═══ LISTED ENTRIES ═══

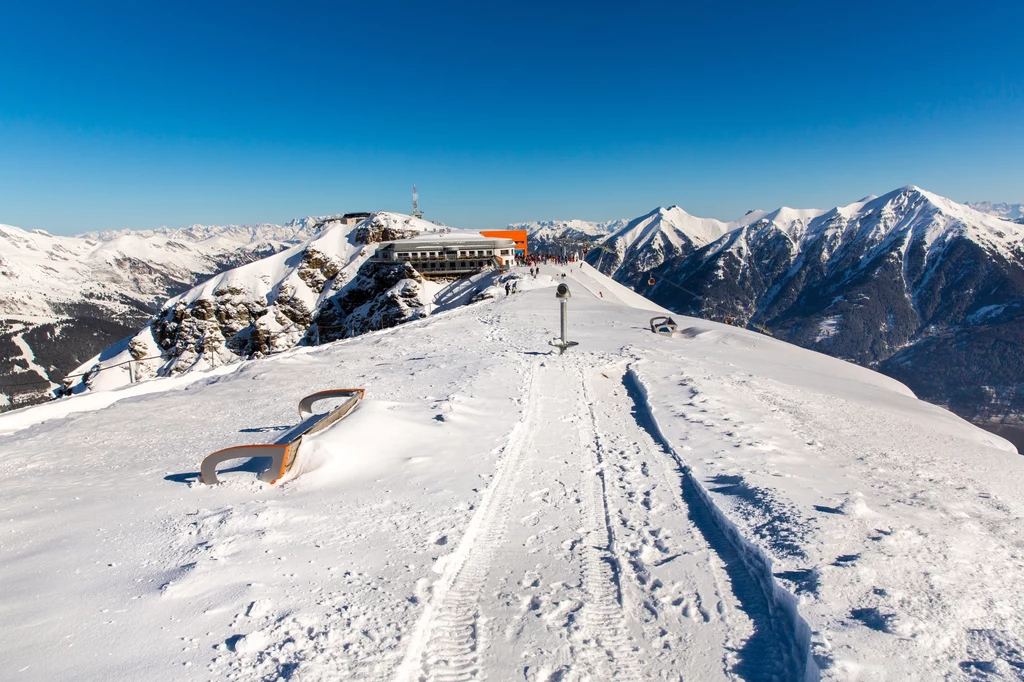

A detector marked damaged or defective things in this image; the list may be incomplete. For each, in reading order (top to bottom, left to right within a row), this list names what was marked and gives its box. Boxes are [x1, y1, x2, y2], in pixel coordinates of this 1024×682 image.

rusty metal bench [199, 388, 364, 484]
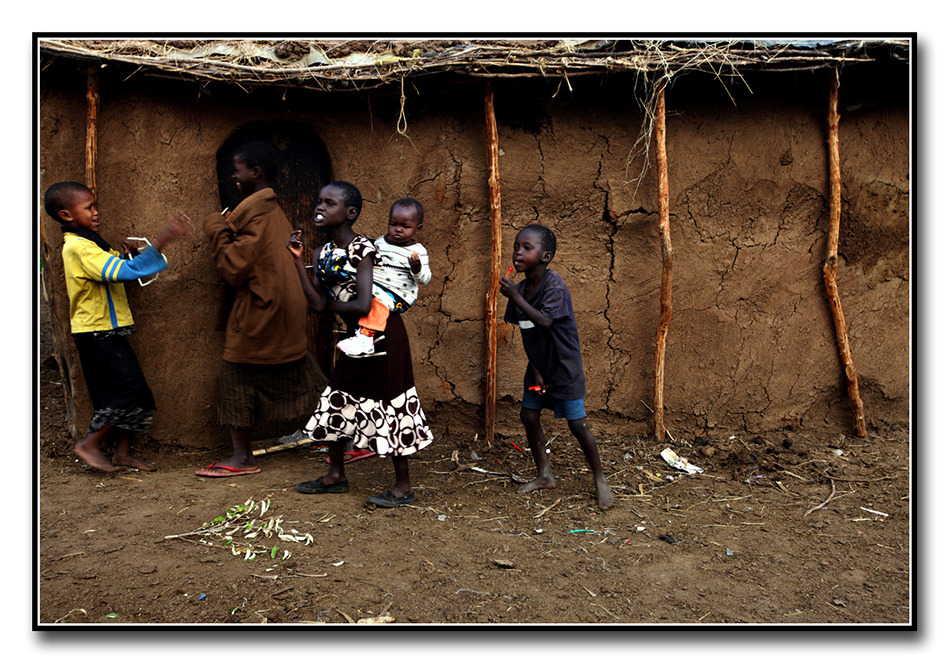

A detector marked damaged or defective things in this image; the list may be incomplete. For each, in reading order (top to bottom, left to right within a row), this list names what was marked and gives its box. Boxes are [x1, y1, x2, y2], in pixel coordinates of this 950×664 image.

cracked mud wall [41, 67, 912, 448]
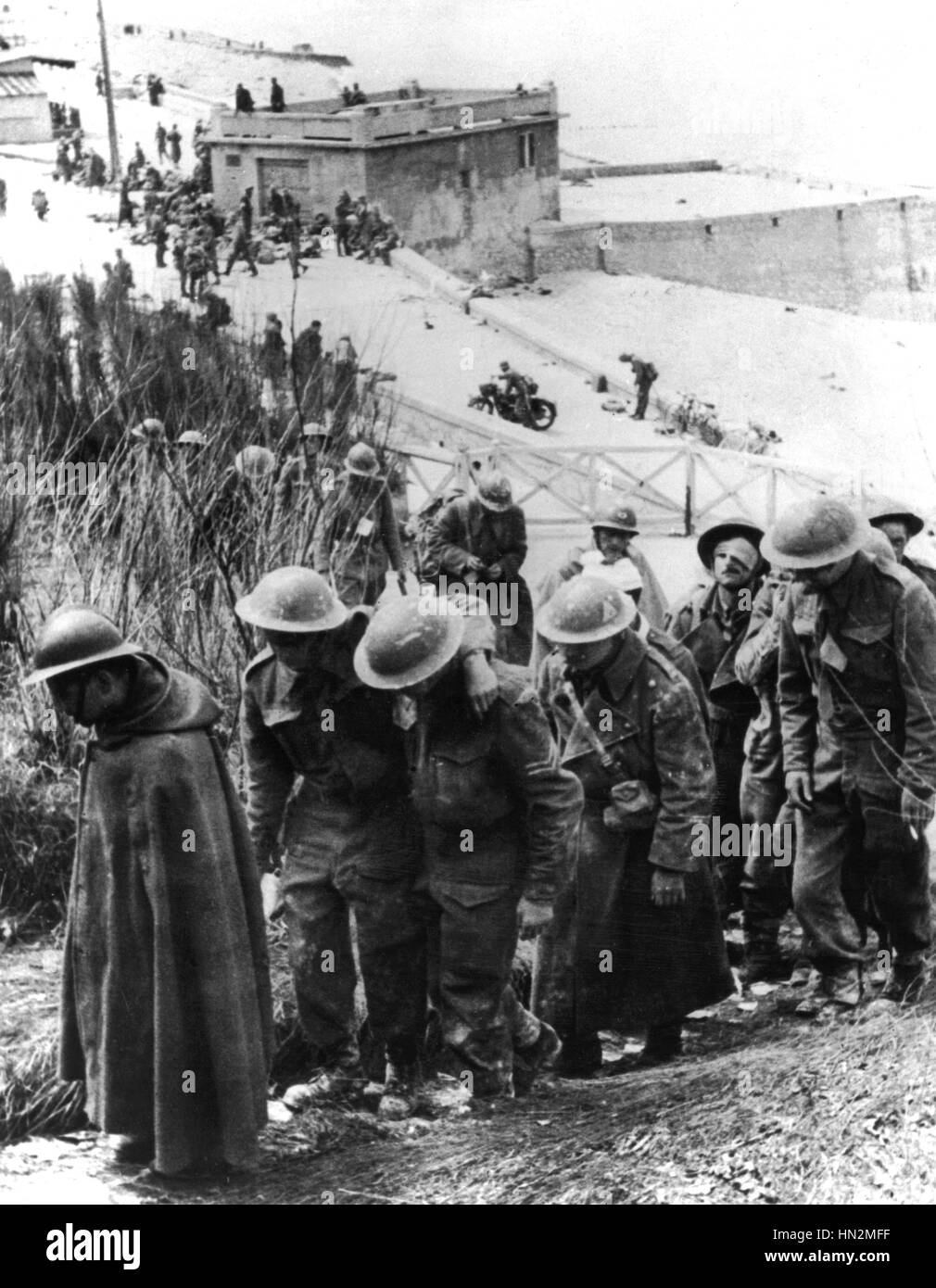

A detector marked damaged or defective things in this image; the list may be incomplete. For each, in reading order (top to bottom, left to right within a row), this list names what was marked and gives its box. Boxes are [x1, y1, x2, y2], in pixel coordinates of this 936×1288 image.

abandoned motorcycle [467, 380, 556, 430]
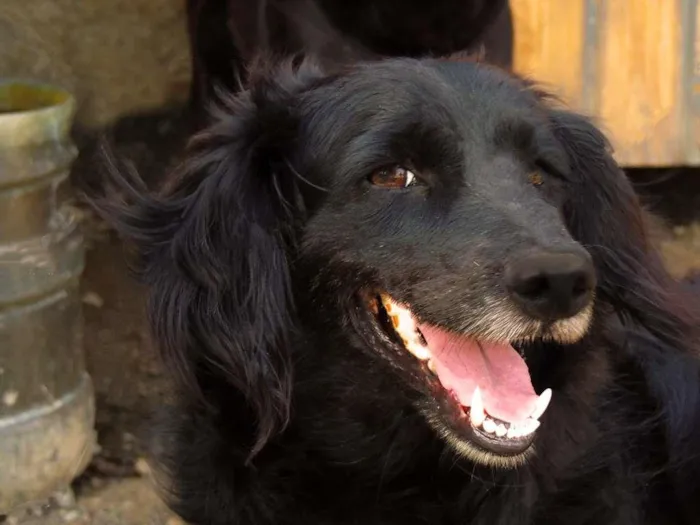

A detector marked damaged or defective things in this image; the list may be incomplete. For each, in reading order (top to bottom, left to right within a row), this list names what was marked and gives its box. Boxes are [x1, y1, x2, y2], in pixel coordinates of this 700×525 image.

rusty metal can [0, 82, 94, 512]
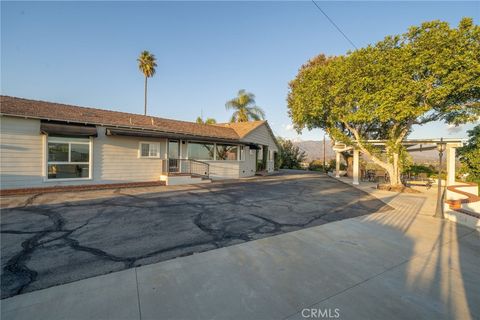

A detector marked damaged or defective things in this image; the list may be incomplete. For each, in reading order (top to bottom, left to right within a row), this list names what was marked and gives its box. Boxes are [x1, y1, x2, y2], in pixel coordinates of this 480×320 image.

cracked asphalt [0, 171, 392, 298]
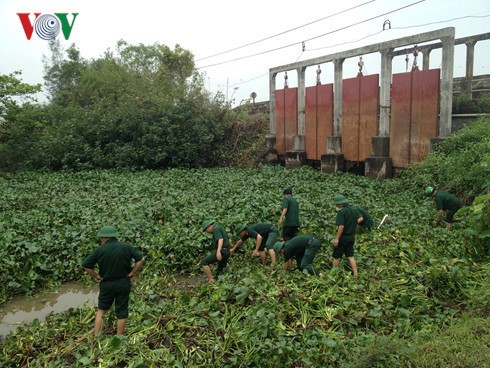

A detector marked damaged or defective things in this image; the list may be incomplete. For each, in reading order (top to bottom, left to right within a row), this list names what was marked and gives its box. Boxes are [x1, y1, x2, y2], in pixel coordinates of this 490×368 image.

rusty metal gate panel [274, 87, 296, 155]
rusty metal gate panel [304, 84, 334, 160]
rusty metal gate panel [340, 75, 378, 161]
rusty metal gate panel [390, 68, 440, 167]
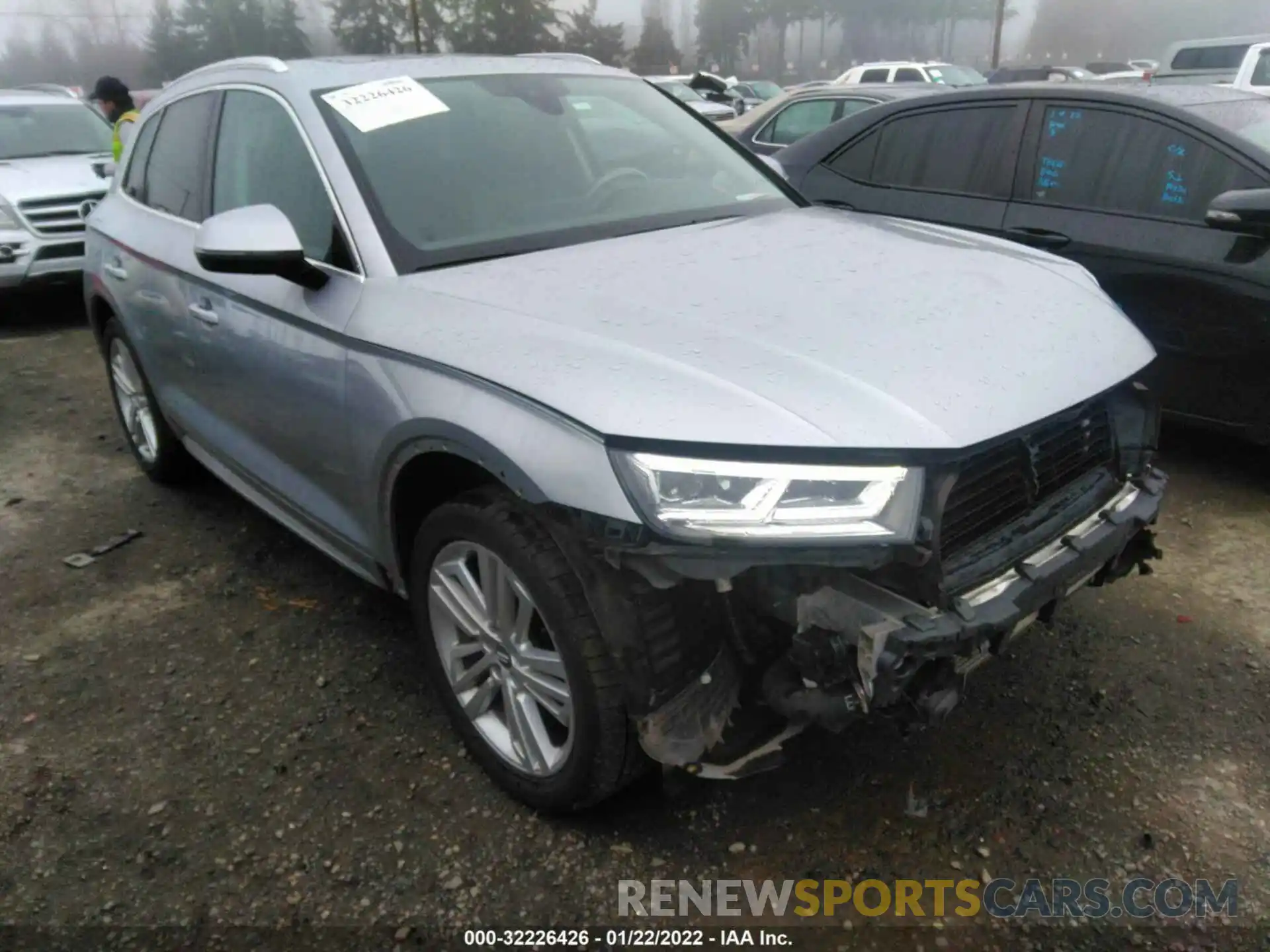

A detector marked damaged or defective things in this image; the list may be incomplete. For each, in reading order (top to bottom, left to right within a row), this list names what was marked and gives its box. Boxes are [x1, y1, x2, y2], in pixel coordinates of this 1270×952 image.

broken headlight assembly [609, 452, 921, 542]
damaged grille [937, 405, 1117, 558]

═══

**EXERCISE DESCRIPTION:**
Without including any pictures, repeat the records above exactly.

**RESPONSE BELOW:**
A detector marked damaged or defective things in this image; the list may be incomplete. For each, in reading order (top to bottom, left to right within a row), this list names what was marked and gives its box. Boxes are [x1, y1, x2, y2], in pixel coordinates of this 1024×682 image.

rusty metal bench [199, 388, 364, 484]

A detector marked damaged or defective things in this image; the list may be incomplete. For each, in reading order (top to bottom, left to right within a row), this list names what was marked and gives its box. Boxes are [x1, y1, x2, y2], in pixel coordinates of this 950×664 image.

cracked mud wall [41, 67, 912, 448]

A detector marked damaged or defective things in this image; the list may be incomplete. For each, in reading order (top to bottom, left to right within a row), this list names what was marked and gives its box. Boxes are [x1, y1, x2, y2], in pixel coordinates of this 936×1288 image.

abandoned motorcycle [467, 380, 556, 430]

A detector marked damaged or defective things in this image; the list may be incomplete. For each, in reading order (top to bottom, left to right within a row), this list names what was marked and gives its box. Boxes are [x1, y1, x2, y2], in pixel coordinates of this 700×525 image.

rusty metal can [0, 82, 94, 512]

A detector marked damaged or defective things in this image; the list may be incomplete. For each, in reading order (top to bottom, left to right within a row), this list names what was marked and gives its box. Boxes are [x1, y1, x2, y2], in pixel coordinates of this 480×320 image.

cracked asphalt [0, 171, 392, 298]

A detector marked damaged or defective things in this image; the list may be incomplete. For each, in reading order (top to bottom, left to right within a row), this list names what was marked and gives its box. Boxes are [x1, y1, x2, y2], in pixel coordinates of this 490×368 image.

rusty metal gate panel [274, 87, 296, 155]
rusty metal gate panel [304, 84, 334, 160]
rusty metal gate panel [340, 75, 378, 161]
rusty metal gate panel [390, 68, 440, 167]

A detector marked damaged or defective things in this image; the list may be incomplete. For each, in reading order (top to bottom, left to right within a row), this list names what was marked and gives its box. Boxes are [x1, y1, x2, y2], in pixel coordinates of this 1270×952 image.

broken headlight assembly [609, 452, 921, 542]
damaged grille [937, 405, 1117, 558]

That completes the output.